"""
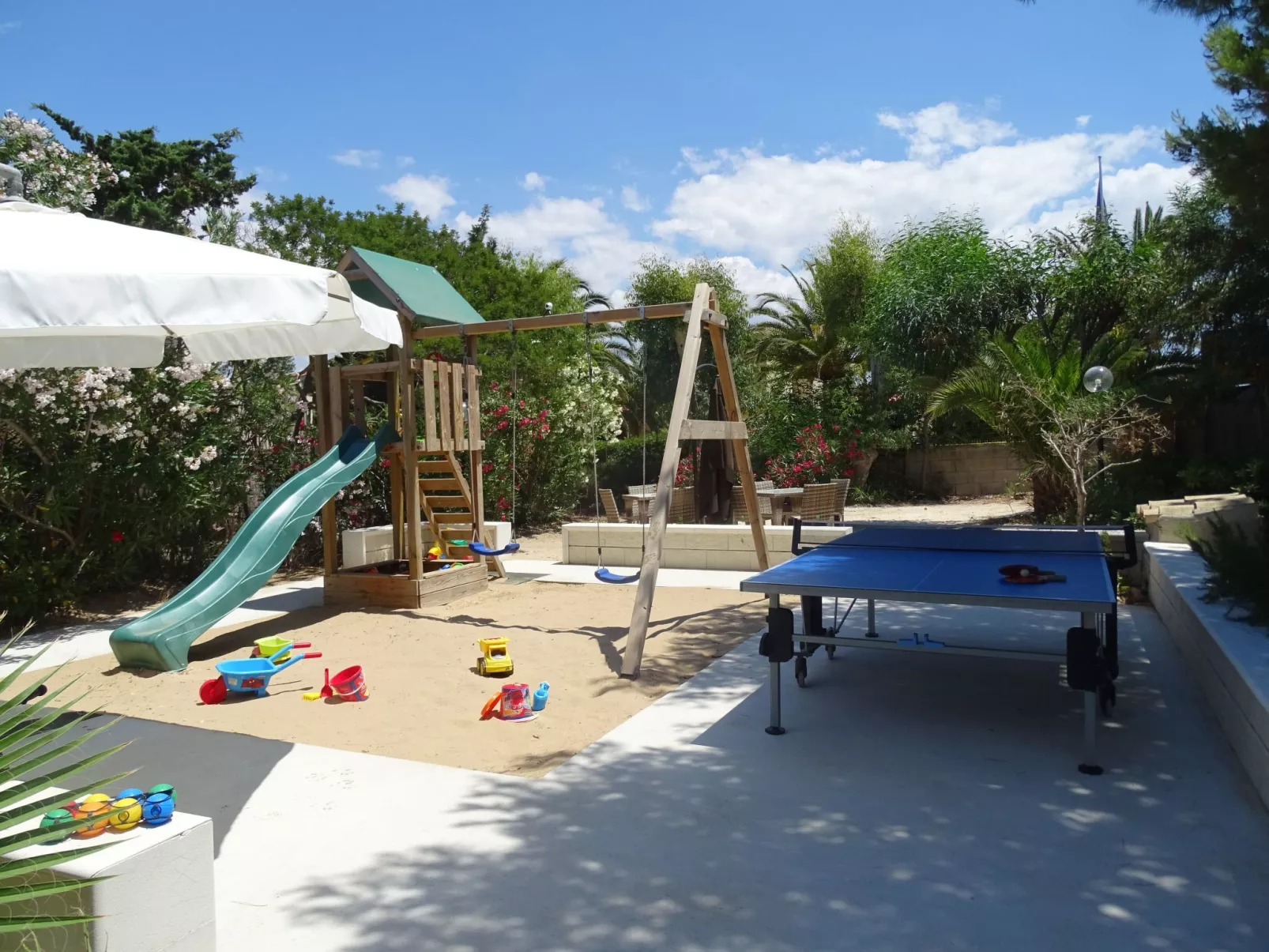 Schöner Bungalow direkt am Sandstrand auf Sizilien-Dehors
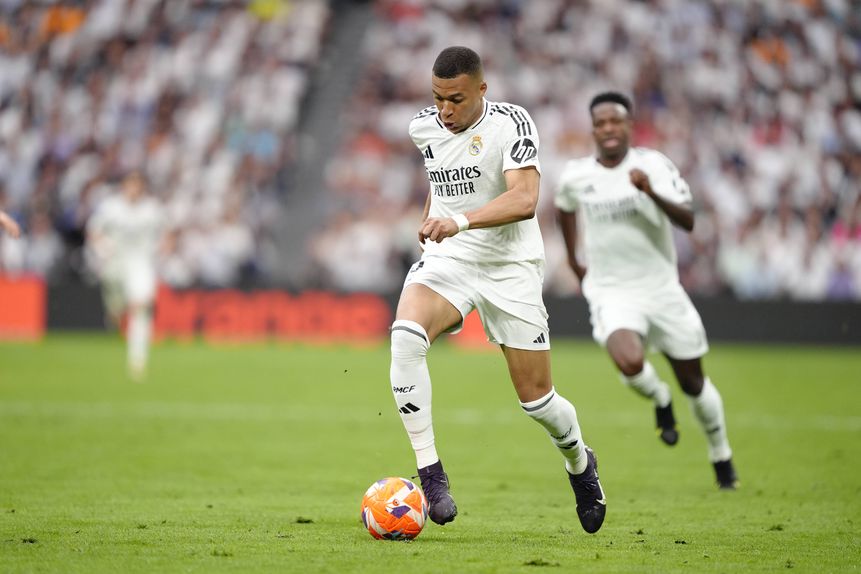 Mbappé, avançado do Real Madrid que conquistou a Bota de Ouro, conduz mais um ataque dos 'merengues'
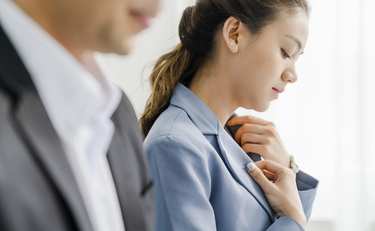 人前で緊張して失敗する人がついやっちゃうクセ「それは盲点だ…」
"""
REQUIRED WORK: Restate the whole listing word for word. Omit the pictures.

SOLUTION TO THE PROBLEM:
 Schöner Bungalow direkt am Sandstrand auf Sizilien-Dehors
 Mbappé, avançado do Real Madrid que conquistou a Bota de Ouro, conduz mais um ataque dos 'merengues'
 人前で緊張して失敗する人がついやっちゃうクセ「それは盲点だ…」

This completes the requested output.